Nehmen wir als Beispiel für diesen Ansatz den Mitbegründer der SPD, Wilhelm Liebknecht. 1826 in Gießen geboren, war er über Jahrzehnte einer der aktivsten sozialdemokratischen Reichstagsabgeordneten und über lange Zeit hinweg Chefredakteur des "Vorwärts", dem Parteiorgan der SPD, das auch heute noch existiert.

Seine Beerdigung im Jahr 1900 wurde zur größten Massenversammlung seit dem Tod Kaiser Wilhelms I. zwölf Jahre zuvor. Die SPD war damals "die" Partei der Arbeiter und der kleinen Leute.

Die Vision von einer demokratischen Wirtschaft

Zentral nicht nur für Liebknechts Auffassungen von Demokratie, sondern überhaupt für die SPD war die Demokratisierung der Wirtschaft. Die Formel hieß: Sozialismus und Demokratie sind das Gleiche. "An die Stelle der Arbeitgeber" – so Wilhelm Liebknecht 1894 – "und ihrer demütig sich fügenden oder in Rebellion befindlichen Lohnsklaven: freie Genossen! ... Unser Ziel ist: der freie Volksstaat mit ökonomischer und politischer Gleichberechtigung; die freie Gesellschaft mit genossenschaftlicher Arbeit."1

Die gesamte Gesellschaft sollte also demokratisiert werden, nicht nur ihr politischer Teil. Später sprach man von Wirtschafts- oder sozialer Demokratie.2

Genossenschaftlich sollte die Wirtschaft auf der Selbstverwaltung durch die Arbeitenden beruhen. Das war nicht nur eine Forderung unter vielen, sondern der zentrale SPD-Programmpunkt überhaupt. Demokratie also ohne internationale Konzerne, Finanzwirtschaft und die Verfügungsmacht der Bosse. Vor allem aber: Demokratie ohne eine Spaltung der Gesellschaft in Arm und Reich.

SPD-Programme im Wandel der Zeit

Liest man heute die älteren Parteiprogramme der SPD, das richtungsweisende Erfurter Programm von 1891 oder das Heidelberger Programm von 1925, wundert man sich. Sind das tatsächlich Programme der gleichen Partei, die sich heute noch SPD nennt?

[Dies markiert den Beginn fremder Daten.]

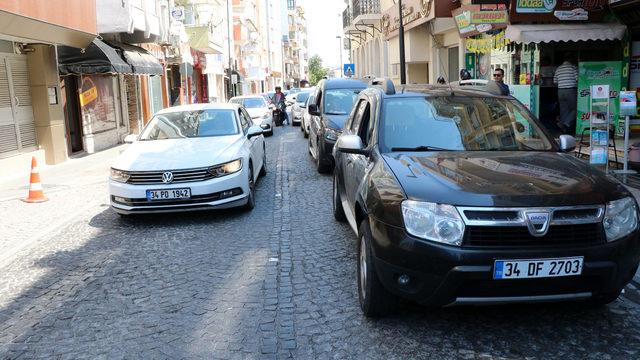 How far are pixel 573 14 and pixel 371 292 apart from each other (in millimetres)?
10424

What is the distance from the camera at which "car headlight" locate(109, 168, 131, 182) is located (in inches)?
301

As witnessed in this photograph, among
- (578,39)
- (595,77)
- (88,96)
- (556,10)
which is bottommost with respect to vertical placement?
(595,77)

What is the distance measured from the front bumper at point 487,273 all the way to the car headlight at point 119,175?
4890 millimetres

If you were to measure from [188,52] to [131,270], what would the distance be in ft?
98.9

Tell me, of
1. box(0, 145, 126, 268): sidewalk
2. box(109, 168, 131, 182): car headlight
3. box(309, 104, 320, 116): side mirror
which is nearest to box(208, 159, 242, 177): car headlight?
box(109, 168, 131, 182): car headlight

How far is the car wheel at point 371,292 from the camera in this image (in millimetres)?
4081

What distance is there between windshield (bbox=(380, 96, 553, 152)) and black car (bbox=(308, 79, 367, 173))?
5301mm

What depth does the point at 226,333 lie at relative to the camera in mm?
4227

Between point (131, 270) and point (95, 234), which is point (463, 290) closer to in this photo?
point (131, 270)

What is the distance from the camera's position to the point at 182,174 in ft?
24.8

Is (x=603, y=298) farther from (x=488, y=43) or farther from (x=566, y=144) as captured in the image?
(x=488, y=43)

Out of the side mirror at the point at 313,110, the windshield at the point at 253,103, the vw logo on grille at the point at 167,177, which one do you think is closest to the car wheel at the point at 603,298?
the vw logo on grille at the point at 167,177

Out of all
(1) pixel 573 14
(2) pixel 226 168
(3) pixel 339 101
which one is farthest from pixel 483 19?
(2) pixel 226 168

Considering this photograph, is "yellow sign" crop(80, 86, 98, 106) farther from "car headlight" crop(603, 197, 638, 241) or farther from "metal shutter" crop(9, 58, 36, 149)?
"car headlight" crop(603, 197, 638, 241) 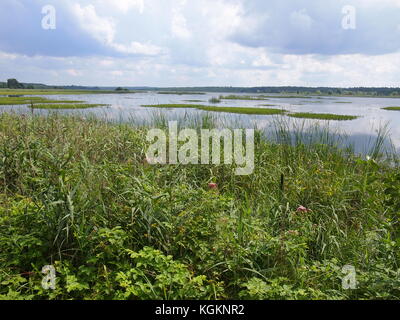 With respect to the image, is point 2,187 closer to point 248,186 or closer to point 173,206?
point 173,206

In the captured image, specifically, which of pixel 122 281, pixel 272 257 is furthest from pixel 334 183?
pixel 122 281

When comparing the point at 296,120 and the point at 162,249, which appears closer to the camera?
the point at 162,249

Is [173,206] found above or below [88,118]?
below

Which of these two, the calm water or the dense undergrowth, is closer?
the dense undergrowth

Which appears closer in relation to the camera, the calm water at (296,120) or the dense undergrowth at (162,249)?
the dense undergrowth at (162,249)

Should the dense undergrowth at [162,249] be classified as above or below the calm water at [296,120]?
below

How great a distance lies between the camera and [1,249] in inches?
93.6

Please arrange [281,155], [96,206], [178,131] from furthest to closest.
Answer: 1. [178,131]
2. [281,155]
3. [96,206]

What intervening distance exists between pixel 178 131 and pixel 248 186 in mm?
2861

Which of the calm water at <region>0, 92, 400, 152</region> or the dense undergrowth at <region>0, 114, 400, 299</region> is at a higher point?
the calm water at <region>0, 92, 400, 152</region>

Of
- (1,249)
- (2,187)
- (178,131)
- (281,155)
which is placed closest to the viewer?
(1,249)

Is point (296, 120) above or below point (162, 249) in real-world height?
above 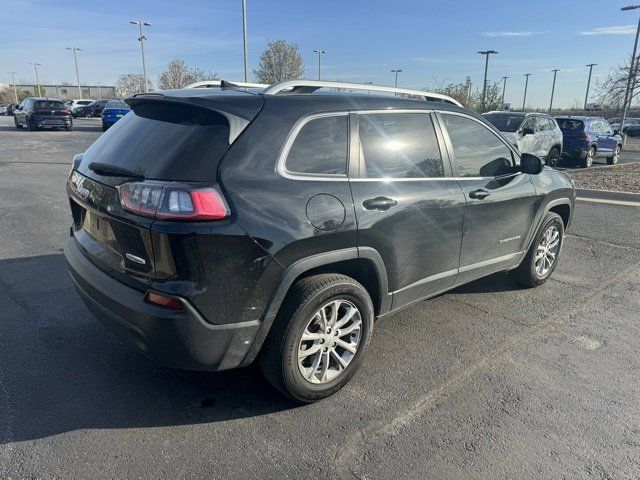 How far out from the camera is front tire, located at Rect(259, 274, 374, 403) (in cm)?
276

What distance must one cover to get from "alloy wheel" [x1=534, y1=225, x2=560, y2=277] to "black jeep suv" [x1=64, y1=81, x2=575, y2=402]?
1.66 m

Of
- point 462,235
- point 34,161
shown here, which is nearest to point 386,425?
point 462,235


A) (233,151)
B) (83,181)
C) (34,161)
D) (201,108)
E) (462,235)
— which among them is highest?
(201,108)

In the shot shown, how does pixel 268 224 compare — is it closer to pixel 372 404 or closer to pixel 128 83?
pixel 372 404

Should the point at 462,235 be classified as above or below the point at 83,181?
below

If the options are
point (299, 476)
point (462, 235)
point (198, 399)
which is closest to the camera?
point (299, 476)

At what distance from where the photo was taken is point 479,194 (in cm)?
384

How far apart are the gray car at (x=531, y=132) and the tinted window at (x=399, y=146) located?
375 inches

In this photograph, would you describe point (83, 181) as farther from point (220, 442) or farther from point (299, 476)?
Answer: point (299, 476)

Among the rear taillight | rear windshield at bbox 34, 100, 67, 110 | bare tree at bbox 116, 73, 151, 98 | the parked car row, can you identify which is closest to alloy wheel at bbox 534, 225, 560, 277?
the rear taillight

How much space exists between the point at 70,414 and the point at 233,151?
177 cm

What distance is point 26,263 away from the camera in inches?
205

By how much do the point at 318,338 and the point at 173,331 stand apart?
0.89m

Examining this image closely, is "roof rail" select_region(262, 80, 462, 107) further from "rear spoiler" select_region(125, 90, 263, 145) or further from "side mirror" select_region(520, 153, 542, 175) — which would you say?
"side mirror" select_region(520, 153, 542, 175) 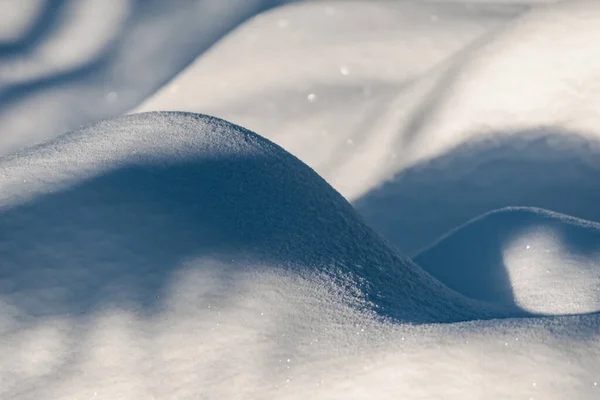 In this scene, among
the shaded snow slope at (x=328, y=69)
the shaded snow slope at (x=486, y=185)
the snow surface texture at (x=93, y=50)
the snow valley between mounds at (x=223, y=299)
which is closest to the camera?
the snow valley between mounds at (x=223, y=299)

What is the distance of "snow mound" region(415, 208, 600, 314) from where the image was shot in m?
0.98

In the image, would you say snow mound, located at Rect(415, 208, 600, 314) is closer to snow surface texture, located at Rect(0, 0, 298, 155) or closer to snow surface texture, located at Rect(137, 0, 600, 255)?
snow surface texture, located at Rect(137, 0, 600, 255)

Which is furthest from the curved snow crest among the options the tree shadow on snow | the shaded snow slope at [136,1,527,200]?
the shaded snow slope at [136,1,527,200]

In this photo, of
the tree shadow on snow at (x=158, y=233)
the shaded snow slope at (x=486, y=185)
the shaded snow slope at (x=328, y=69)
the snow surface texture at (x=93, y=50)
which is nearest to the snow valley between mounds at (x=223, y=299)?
the tree shadow on snow at (x=158, y=233)

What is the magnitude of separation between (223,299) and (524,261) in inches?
20.0

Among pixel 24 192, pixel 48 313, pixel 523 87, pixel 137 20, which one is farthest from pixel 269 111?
pixel 48 313

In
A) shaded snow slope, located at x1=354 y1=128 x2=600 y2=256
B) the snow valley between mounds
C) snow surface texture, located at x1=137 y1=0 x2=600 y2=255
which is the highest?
snow surface texture, located at x1=137 y1=0 x2=600 y2=255

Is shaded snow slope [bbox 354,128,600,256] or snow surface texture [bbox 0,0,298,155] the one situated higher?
snow surface texture [bbox 0,0,298,155]

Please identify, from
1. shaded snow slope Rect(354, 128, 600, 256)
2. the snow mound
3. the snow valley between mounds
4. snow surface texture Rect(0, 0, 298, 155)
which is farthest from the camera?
snow surface texture Rect(0, 0, 298, 155)

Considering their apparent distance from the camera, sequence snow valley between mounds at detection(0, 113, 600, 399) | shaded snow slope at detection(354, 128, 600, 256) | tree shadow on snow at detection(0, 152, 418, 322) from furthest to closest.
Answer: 1. shaded snow slope at detection(354, 128, 600, 256)
2. tree shadow on snow at detection(0, 152, 418, 322)
3. snow valley between mounds at detection(0, 113, 600, 399)

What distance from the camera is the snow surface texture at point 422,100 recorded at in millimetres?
1481

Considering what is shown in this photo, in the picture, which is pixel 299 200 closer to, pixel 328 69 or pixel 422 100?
pixel 422 100

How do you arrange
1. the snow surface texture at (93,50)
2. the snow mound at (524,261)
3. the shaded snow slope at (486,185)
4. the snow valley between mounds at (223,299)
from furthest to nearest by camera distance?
the snow surface texture at (93,50) < the shaded snow slope at (486,185) < the snow mound at (524,261) < the snow valley between mounds at (223,299)

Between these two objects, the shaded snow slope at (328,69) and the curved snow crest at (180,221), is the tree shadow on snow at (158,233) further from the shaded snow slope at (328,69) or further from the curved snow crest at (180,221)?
the shaded snow slope at (328,69) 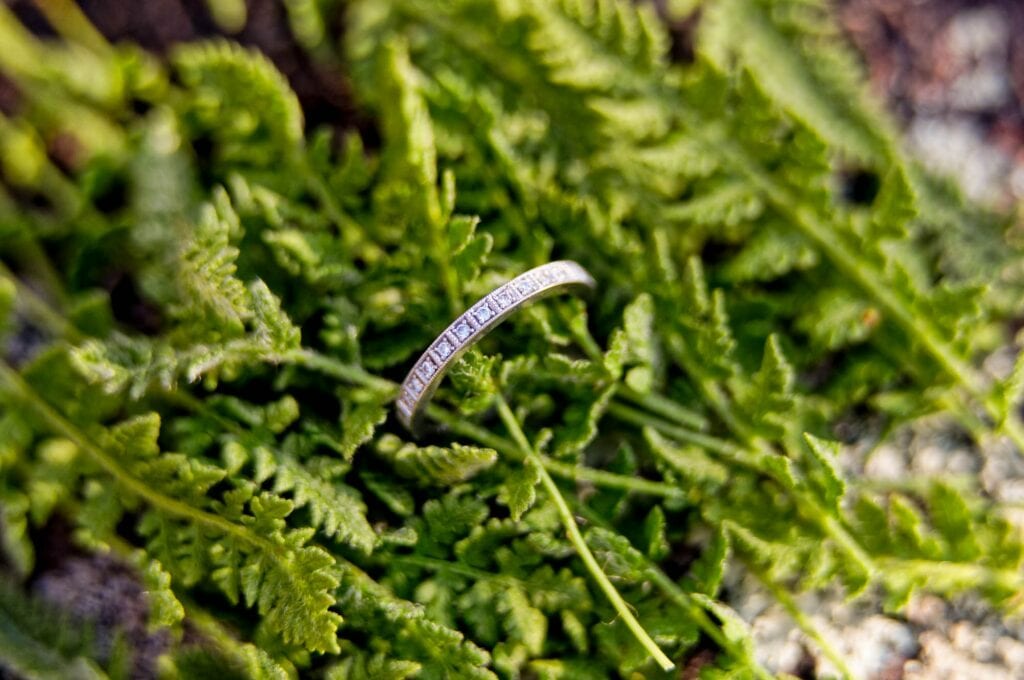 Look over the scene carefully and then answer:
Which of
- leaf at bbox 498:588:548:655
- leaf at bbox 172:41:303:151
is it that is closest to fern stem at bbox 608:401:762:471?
leaf at bbox 498:588:548:655

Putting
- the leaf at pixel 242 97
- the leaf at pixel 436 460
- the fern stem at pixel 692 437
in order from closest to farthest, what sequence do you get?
the leaf at pixel 436 460, the fern stem at pixel 692 437, the leaf at pixel 242 97

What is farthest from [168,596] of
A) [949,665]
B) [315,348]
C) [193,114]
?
[949,665]

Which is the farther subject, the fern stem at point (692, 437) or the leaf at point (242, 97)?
the leaf at point (242, 97)

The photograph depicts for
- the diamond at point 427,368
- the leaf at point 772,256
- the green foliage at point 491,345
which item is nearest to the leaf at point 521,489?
the green foliage at point 491,345

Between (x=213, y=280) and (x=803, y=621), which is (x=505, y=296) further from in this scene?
(x=803, y=621)

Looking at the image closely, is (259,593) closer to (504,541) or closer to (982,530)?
(504,541)

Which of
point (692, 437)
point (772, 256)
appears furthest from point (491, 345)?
A: point (772, 256)

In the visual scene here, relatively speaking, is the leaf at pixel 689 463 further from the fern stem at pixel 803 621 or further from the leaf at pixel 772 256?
the leaf at pixel 772 256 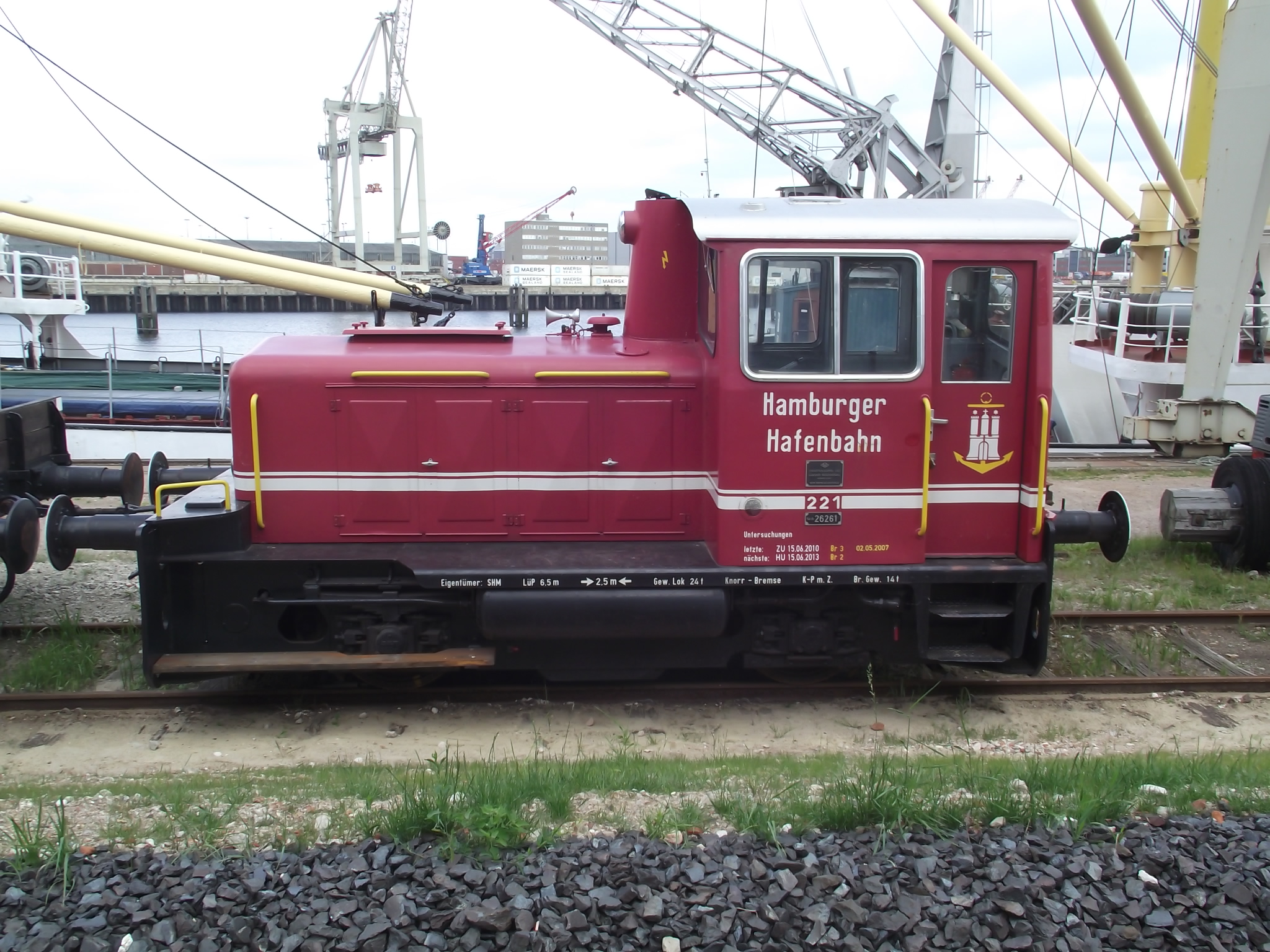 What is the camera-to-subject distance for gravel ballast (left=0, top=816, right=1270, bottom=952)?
367 centimetres

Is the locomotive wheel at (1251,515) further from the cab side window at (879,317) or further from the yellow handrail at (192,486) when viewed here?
the yellow handrail at (192,486)

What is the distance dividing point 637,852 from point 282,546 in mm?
4054

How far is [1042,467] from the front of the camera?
6.58 meters

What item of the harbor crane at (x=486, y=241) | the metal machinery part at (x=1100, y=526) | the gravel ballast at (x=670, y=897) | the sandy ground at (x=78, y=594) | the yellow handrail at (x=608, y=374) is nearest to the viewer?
the gravel ballast at (x=670, y=897)

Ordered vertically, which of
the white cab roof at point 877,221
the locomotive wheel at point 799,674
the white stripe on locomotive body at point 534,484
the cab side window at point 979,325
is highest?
the white cab roof at point 877,221

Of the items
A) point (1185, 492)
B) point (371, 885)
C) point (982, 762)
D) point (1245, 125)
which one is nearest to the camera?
point (371, 885)

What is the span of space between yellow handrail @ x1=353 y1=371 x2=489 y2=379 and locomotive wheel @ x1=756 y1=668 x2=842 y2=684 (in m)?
3.19

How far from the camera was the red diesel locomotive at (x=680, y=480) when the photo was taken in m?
6.41

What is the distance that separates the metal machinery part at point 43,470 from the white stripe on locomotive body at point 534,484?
6.61ft

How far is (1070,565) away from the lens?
10.6 metres

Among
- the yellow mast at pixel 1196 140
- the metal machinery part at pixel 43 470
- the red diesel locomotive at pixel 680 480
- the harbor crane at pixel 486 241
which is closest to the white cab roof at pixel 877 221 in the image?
the red diesel locomotive at pixel 680 480

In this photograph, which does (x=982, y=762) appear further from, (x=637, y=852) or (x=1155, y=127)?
(x=1155, y=127)

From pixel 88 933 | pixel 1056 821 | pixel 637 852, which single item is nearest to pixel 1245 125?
pixel 1056 821

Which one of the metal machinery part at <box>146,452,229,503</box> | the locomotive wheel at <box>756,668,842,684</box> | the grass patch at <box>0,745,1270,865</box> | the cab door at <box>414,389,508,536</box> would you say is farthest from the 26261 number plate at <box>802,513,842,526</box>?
the metal machinery part at <box>146,452,229,503</box> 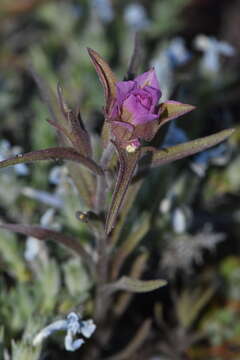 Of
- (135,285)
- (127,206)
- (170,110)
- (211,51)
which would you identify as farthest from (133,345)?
(211,51)

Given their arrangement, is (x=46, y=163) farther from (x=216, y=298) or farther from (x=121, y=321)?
(x=216, y=298)

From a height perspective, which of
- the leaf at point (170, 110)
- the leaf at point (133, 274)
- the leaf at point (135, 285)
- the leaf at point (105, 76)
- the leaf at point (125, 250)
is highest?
the leaf at point (105, 76)

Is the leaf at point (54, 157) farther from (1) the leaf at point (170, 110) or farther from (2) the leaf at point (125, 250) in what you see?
(2) the leaf at point (125, 250)

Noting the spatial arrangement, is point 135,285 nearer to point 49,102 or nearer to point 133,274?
point 133,274

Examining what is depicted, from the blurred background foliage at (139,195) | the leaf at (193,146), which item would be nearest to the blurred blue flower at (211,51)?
the blurred background foliage at (139,195)

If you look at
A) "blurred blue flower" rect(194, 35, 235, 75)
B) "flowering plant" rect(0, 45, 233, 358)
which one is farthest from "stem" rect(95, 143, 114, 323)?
A: "blurred blue flower" rect(194, 35, 235, 75)

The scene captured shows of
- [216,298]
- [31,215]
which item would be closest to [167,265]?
[216,298] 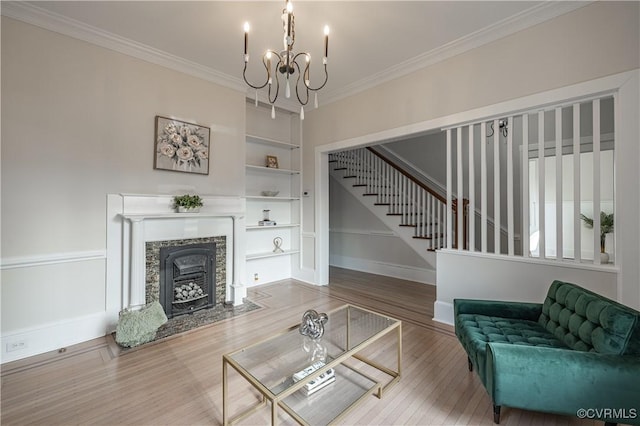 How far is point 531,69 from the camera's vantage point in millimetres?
2605

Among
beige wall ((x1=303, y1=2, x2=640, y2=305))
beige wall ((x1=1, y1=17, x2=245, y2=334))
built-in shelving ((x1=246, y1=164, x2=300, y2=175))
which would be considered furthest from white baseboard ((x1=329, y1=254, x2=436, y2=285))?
beige wall ((x1=1, y1=17, x2=245, y2=334))

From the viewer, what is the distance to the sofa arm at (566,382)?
56.4 inches

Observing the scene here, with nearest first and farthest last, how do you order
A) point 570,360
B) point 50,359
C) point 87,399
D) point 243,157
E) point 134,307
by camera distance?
point 570,360
point 87,399
point 50,359
point 134,307
point 243,157

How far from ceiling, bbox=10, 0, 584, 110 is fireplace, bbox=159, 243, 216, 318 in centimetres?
237

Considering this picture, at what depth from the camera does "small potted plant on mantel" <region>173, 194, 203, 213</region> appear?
329cm

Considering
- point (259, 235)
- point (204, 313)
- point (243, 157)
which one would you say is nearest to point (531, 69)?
point (243, 157)

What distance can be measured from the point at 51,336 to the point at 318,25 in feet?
13.0

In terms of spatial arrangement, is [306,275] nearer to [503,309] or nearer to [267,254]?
[267,254]

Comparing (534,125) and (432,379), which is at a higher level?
(534,125)

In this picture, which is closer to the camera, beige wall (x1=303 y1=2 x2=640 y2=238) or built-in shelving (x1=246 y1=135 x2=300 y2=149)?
beige wall (x1=303 y1=2 x2=640 y2=238)

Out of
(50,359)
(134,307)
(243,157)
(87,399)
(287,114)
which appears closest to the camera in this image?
(87,399)

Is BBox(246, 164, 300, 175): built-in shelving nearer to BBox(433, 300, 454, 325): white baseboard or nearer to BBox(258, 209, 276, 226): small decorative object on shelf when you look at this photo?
BBox(258, 209, 276, 226): small decorative object on shelf

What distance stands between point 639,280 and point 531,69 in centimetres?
202

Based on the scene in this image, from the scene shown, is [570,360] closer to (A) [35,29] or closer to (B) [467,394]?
(B) [467,394] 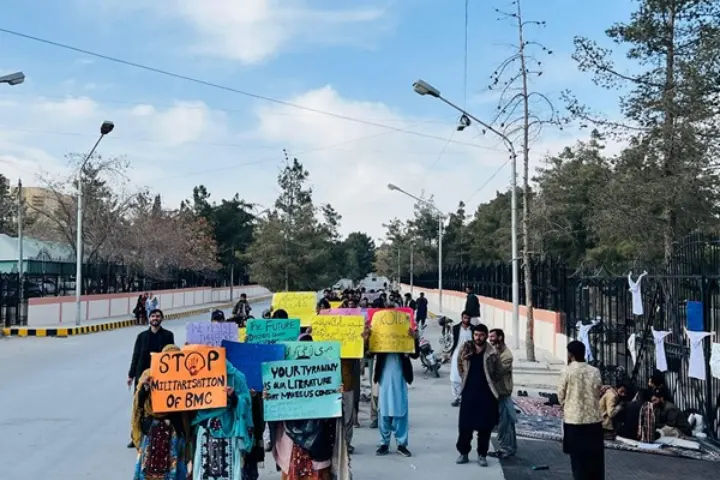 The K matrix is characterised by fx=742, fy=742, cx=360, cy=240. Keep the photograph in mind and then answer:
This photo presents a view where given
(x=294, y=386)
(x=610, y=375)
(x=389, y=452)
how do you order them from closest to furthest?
(x=294, y=386) < (x=389, y=452) < (x=610, y=375)

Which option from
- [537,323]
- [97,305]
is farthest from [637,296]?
[97,305]

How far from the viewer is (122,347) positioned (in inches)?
894

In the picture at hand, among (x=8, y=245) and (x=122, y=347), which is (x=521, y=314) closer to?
(x=122, y=347)

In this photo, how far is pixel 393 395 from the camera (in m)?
8.95

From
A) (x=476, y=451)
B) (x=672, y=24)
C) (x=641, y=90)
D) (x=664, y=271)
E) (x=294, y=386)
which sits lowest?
(x=476, y=451)

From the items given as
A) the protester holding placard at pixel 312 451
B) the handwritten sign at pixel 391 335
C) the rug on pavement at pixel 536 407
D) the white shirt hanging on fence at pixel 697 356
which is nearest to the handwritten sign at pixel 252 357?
the protester holding placard at pixel 312 451

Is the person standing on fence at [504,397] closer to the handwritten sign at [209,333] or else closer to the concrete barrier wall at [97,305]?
the handwritten sign at [209,333]

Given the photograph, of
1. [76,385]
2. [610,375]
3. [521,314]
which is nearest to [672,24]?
[521,314]

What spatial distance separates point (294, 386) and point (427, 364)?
10.6 metres

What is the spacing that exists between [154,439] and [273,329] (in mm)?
3673

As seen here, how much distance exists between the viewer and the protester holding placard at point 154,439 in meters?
6.35

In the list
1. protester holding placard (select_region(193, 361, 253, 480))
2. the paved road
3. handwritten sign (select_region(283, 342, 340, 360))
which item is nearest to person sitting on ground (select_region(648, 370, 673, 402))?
the paved road

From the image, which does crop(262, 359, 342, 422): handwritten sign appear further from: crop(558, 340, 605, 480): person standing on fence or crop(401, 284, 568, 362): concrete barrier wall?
crop(401, 284, 568, 362): concrete barrier wall

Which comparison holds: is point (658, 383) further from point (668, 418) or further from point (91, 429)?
point (91, 429)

Andererseits kommt es, wie wir wissen, nicht so sehr auf Programme an als auf das, was Parteien tun, wenn sie Regierungsmacht haben, aber auch sonst. Viele erinnern sich an die mutige Heldentat des Reichstagsabgeordneten und SPD-Vorsitzenden Otto Wels. Am 23. März 1933 riskierte er sein Leben, als er im Deutschen Reichstag die Zustimmung der SPD zum sogenannten Ermächtigungsgesetz verweigerte.

Und das trotz der Anwesenheit von SA-Männern im Saal. "Freiheit und Leben kann man uns nehmen, die Ehre nicht." Willy Brand berichtete später, Wels habe für alle Fälle eine Giftampulle dabeigehabt, um sich bei einer eventuellen Verhaftung das Leben zu nehmen.